Share your dilemmas and get honest opinions from other Mumsnetters.

To have not felt relaxed in this situation

23 replies

EvenMoreFuriousVexation · 10/02/2023 13:03

I attend an interest group once per week, I've been going for just over a year. There are more men than women - about 75% men to 25% women ratio on average. I know the men to speak to, but would say they are acquaintances, whereas a few of the women I am friendly with outside of the group.

This week one of the attendees asked if we could listen to a short guided meditation at the beginning of the meetup. (This is in keeping with the interest of the group, wellness etc.) Nobody objected. Lots of us (including me) meditate personally at home on a regular basis.

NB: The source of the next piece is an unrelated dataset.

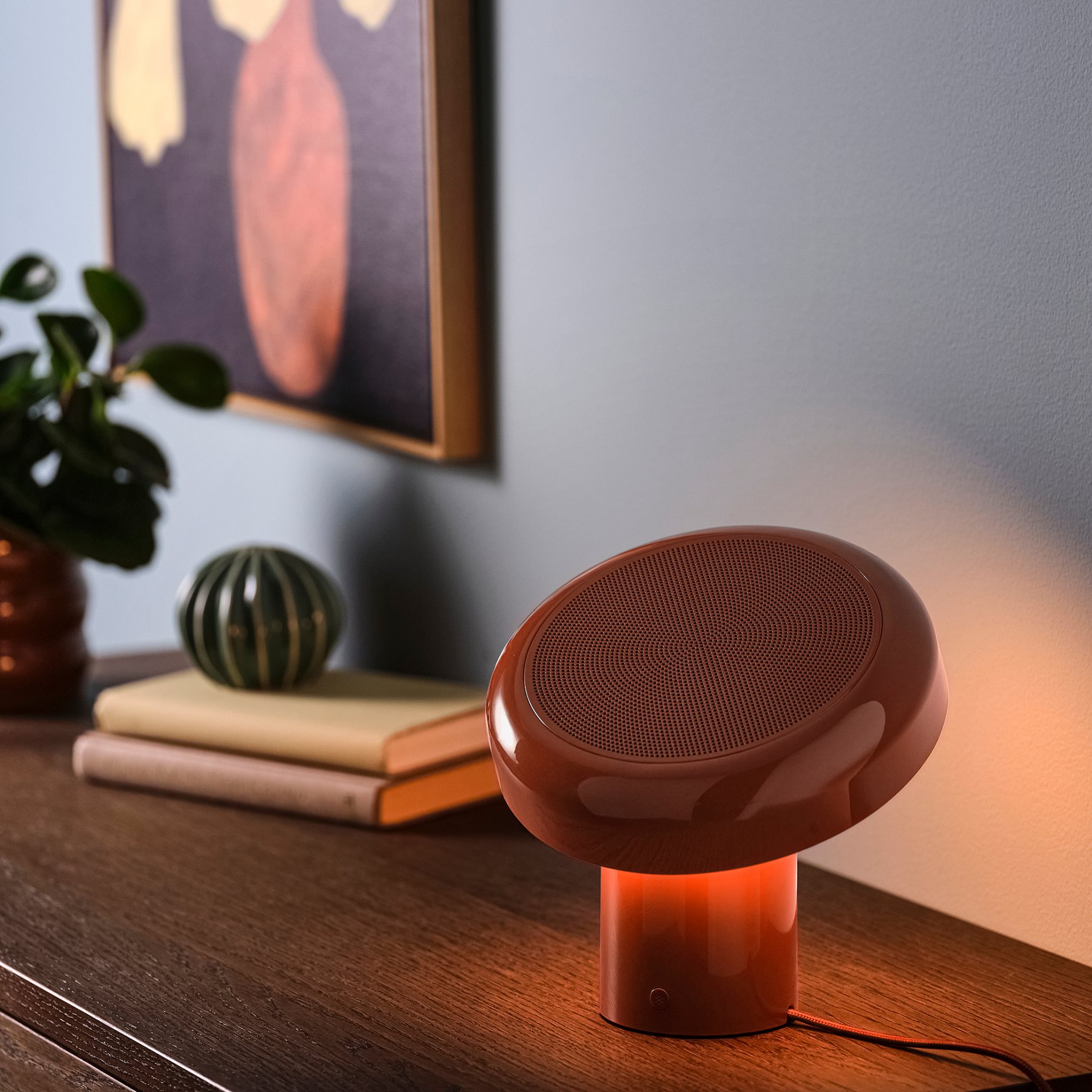 BLOMPRAKT, φωτιστικό ηχείο bluetooth, 006.451.14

When the meditation started I closed my eyes as I normally would and focussed on my breathing, but within 30 seconds I began to feel tense and panicky and had to open my eyes. I just sat quietly looking at my hands so as not to distract anyone else. I realised that I did not feel safe being surrounded by such a large number of men (last night there were 6 women including me and about 15 men.) And that my feeling of unsafety was sufficient that it wasn't comfortable for me to keep my eyes shut - even though I knew rationally that I wouldn't be attacked, I didn't feel able to relax enough to meditate.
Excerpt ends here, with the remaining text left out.